Irish Legal Heritage: The Ballot Act of 1872

Irish Legal Heritage: The Ballot Act of 1872

Statue of Charles
Stewart Parnell
in Dublin

The secret ballot was introduced in Britain and Ireland in July 1972 by the Ballot Act of 1872, with the aim of mitigating the effects of bribery, intimidation, and coercion in elections.

Section 2 of the Act outlined the new procedure for voting, which provided for voters to “secretly” mark their vote, and to fold it up “to conceal his vote” before placing it in a closed ballot box. While the ballot was “not absolutely secret” due to the fact that voter numbers allowed “an elector’s name and vote” to be correlated “in the event of a petition” (Crook and Crook, 2007), this electoral reform was revolutionary – not least in Ireland.

The issue of coercion in Ireland was discussed during the second reading of the bill, where Liberal MP Edward Leatham said that the deplorable “mob intimidation in Ireland” constituted “deliberate and organised interference with freedom of election”. Leatham’s description of the situation is worth setting out in full:

“Tenant-farmers are collected by the estate agent, in some instances many days before the election, placed upon strings of cars, handed over to the military, escorted as prisoners, or believing themselves to be prisoners, by horse, foot, and artillery, and all the imposing paraphernalia of an army in occupation of an enemy’s country, to the polling-place, kept therein forced custody and with locked doors until the day of poll, not even permitted to avail themselves of the ministrations of religion, and then finally polled in the presence of the landlord or the agent.”

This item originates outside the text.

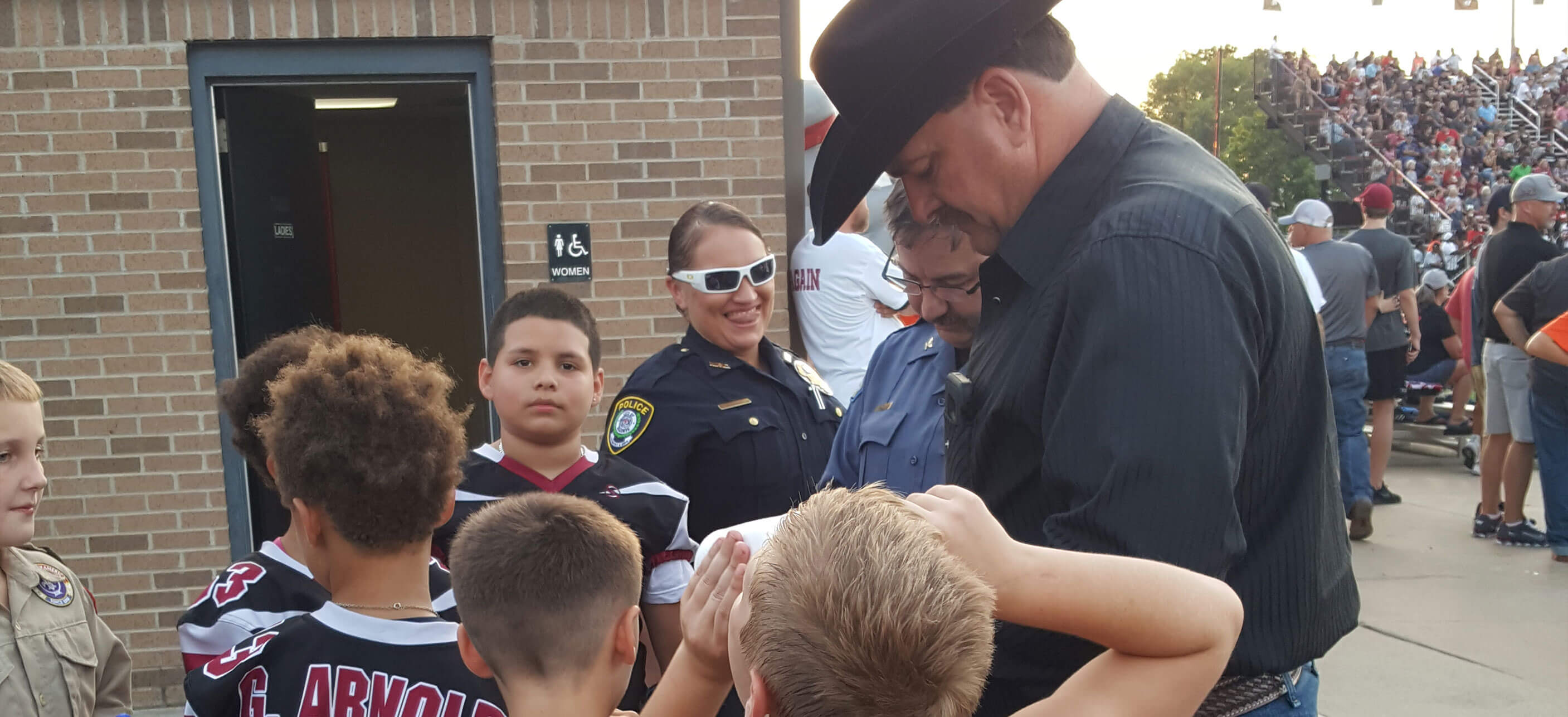 sheriff at elementary school delivering supplies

One important beneficiary of the secret ballot in Ireland is said to have been Charles Stewart Parnell, who was first elected as a member of the House of Commons in in 1875. While there is disagreement as to the extent to which the Act assisted Parnell’s success, the introduction of the secret ballot meant that “it was not so easy to drive electors like swine to the market” (O’Neill Daunt, cited in Hurst, 1965), and the Irish voter was no longer “powerless against the intimidation of his social superiors”.